In facing the Vikings, the new-look group of defensive backs are being thrown to the fire against quarterback Kirk Cousins and top receivers Stefon Diggs and Adam Theilen, who combined for 155 receptions, 2,125 yards and 12 touchdowns last season.

“(Diggs) is a good route runner. He’s very detailed in regards to his depths and how he manipulates the route,” Sherman said. “Theilen, same way. Great hands, very deliberate route runner. Reliable, consistent. Those are things they’ve always done well in Minnesota. They have a ton of talent on both sides of the ball, so (I) look forward to the challenge.”

Can San Francisco take advantage of Vikings offensive line?

Minnesota’s roster is regarded as one of the best in football. But its Achilles’ heel might be along the interior of the offensive line, where starting center Pat Elflein will be out after missing the entire offseason due to shoulder and ankle injuries. That came after starting left guard, and one-time 49er, Nick Easton underwent surgery to repair a herniated disc in his neck causing him to miss the season. The Vikings Aug. 26 traded for Giants center Brett Jones for a late-round 2019 draft pick.

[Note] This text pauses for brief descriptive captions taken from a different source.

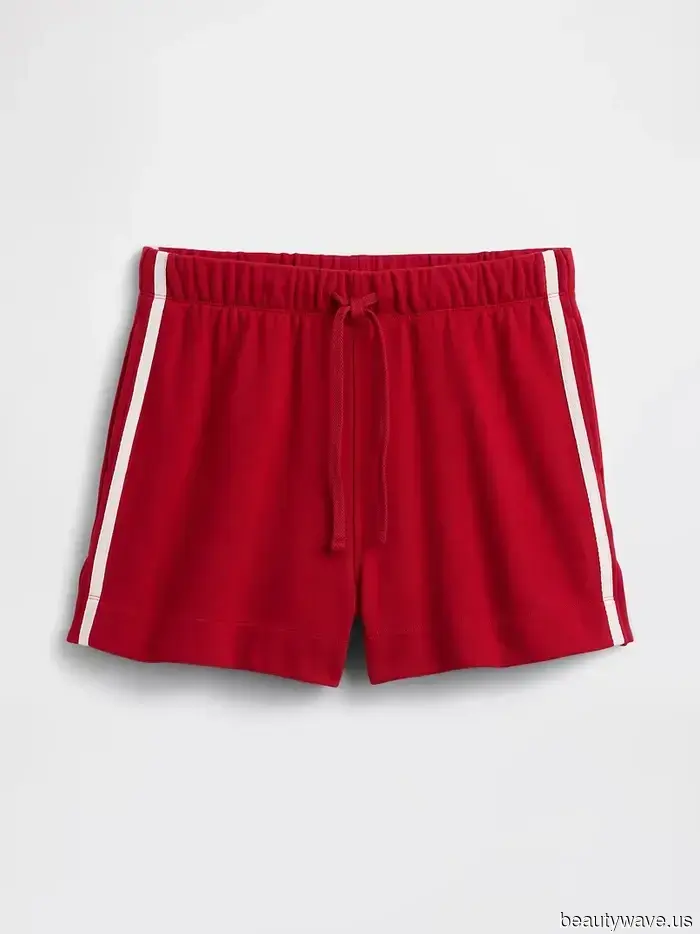 I just returned from Paris—there were these specific summer outfit combinations everywhere I looked.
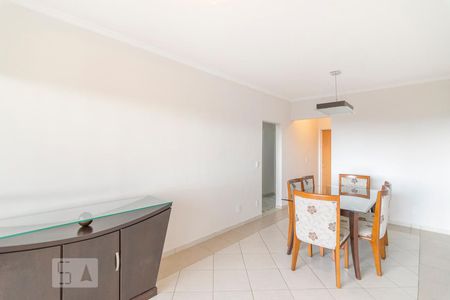 Sala de apartamento para alugar com 2 quartos, 73m² em Jardim Bela Vista, Santo André
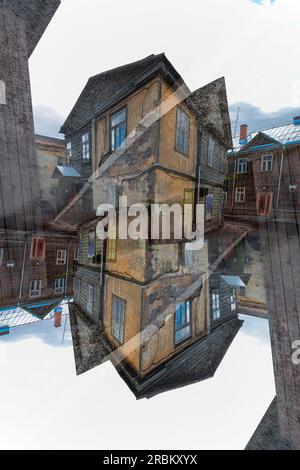 Abgenutztes Holzwohngebäude in Tartu, Estland. Stockfoto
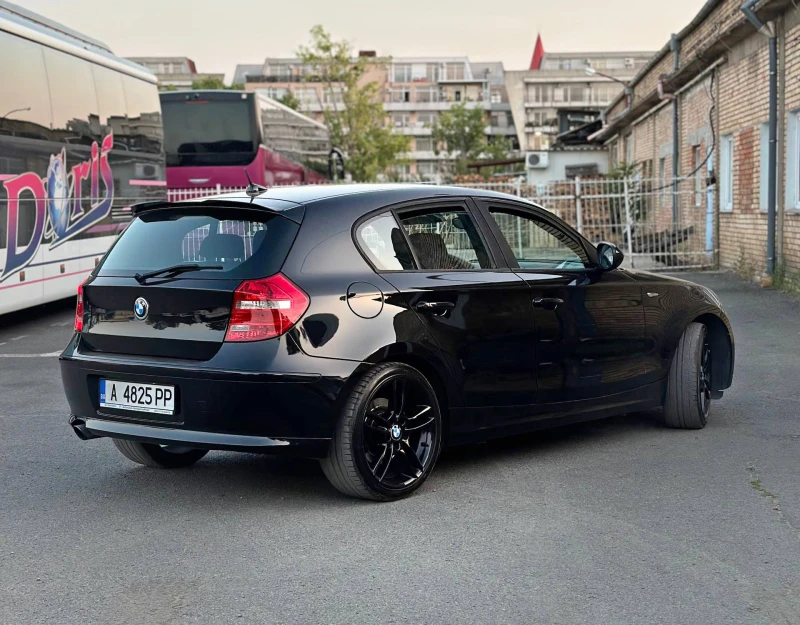 BMW 120 Facelift, снимка 4 - Автомобили и джипове - 52444322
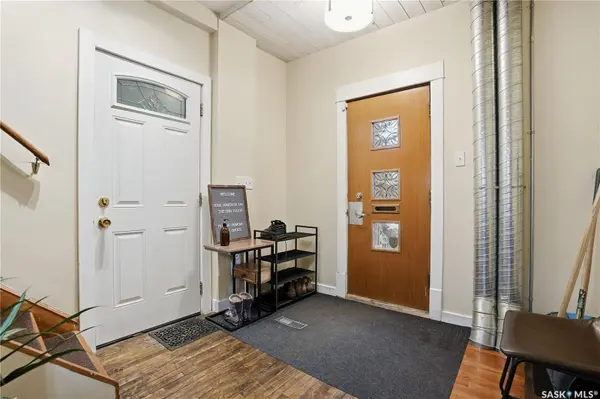 3130 13th AVENUE, Regina, SK S4T 1P2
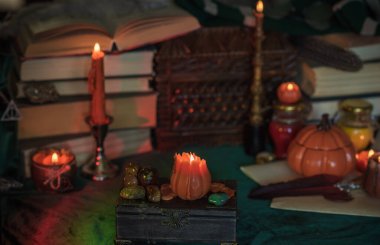 Karanlık stil, kitaplar ve diğer akademik şeyler ya da okul malzemeleri bir masada, sonbahar akşamı 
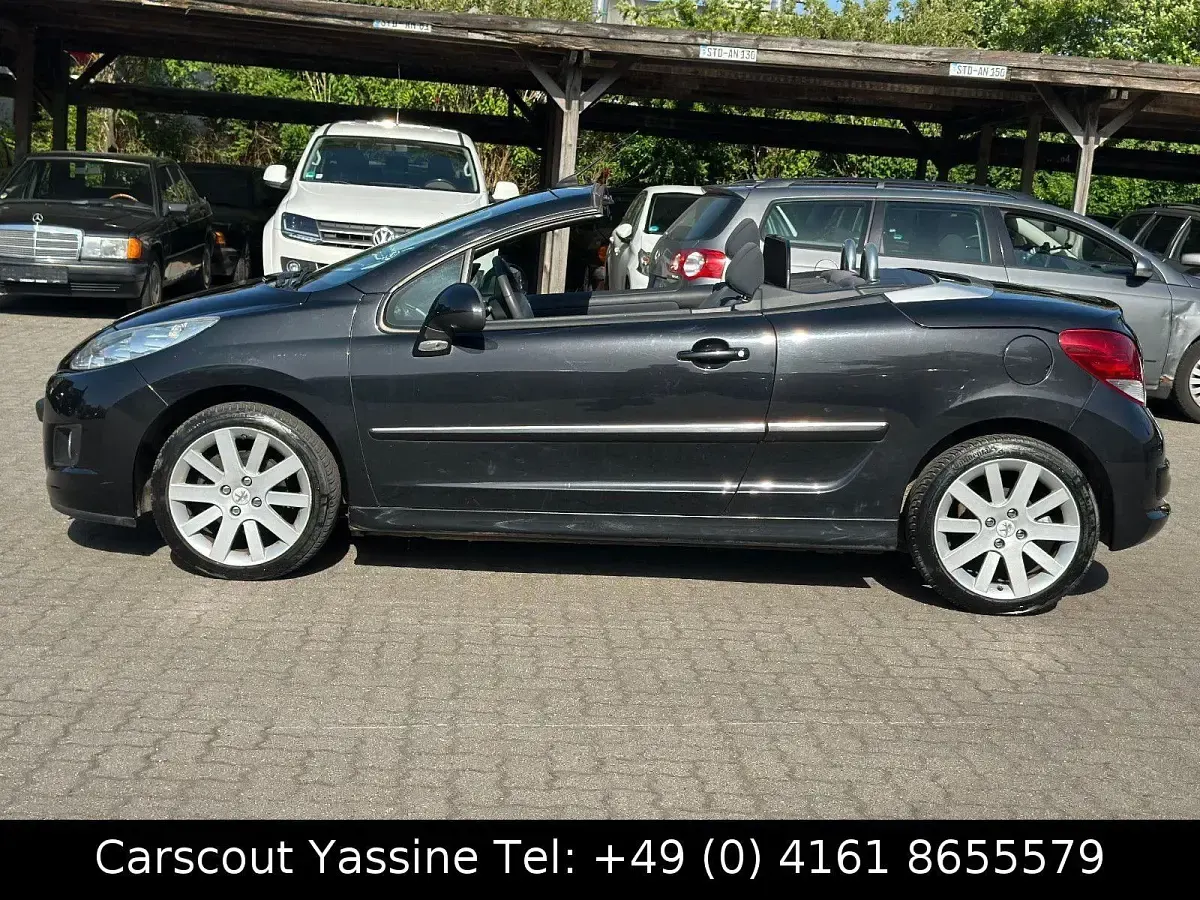 Gebraucht Peugeot 207 CC Active 120 PS (88 kW) 2014 Schwarz Cabrio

Those absences could be good news for the 49ers, whose obvious strength on defense is the interior of the line with recent first-round picks DeForest Buckner, Solomon Thomas and Arik Armstead champing at the bit for breakout seasons.

“I know (coordinator Robert) Saleh’s trying to make everything possible for us D-line to succeed, especially in the pass rush aspect,” Buckner said, “searching for mismatches along the D-line, whether it’s me or any other guys up front. They really emphasizing rushing the passer and everything this whole offseason. As a D-line, we knew we had to step up as a group and I feel like everybody’s been able to meet that challenge.”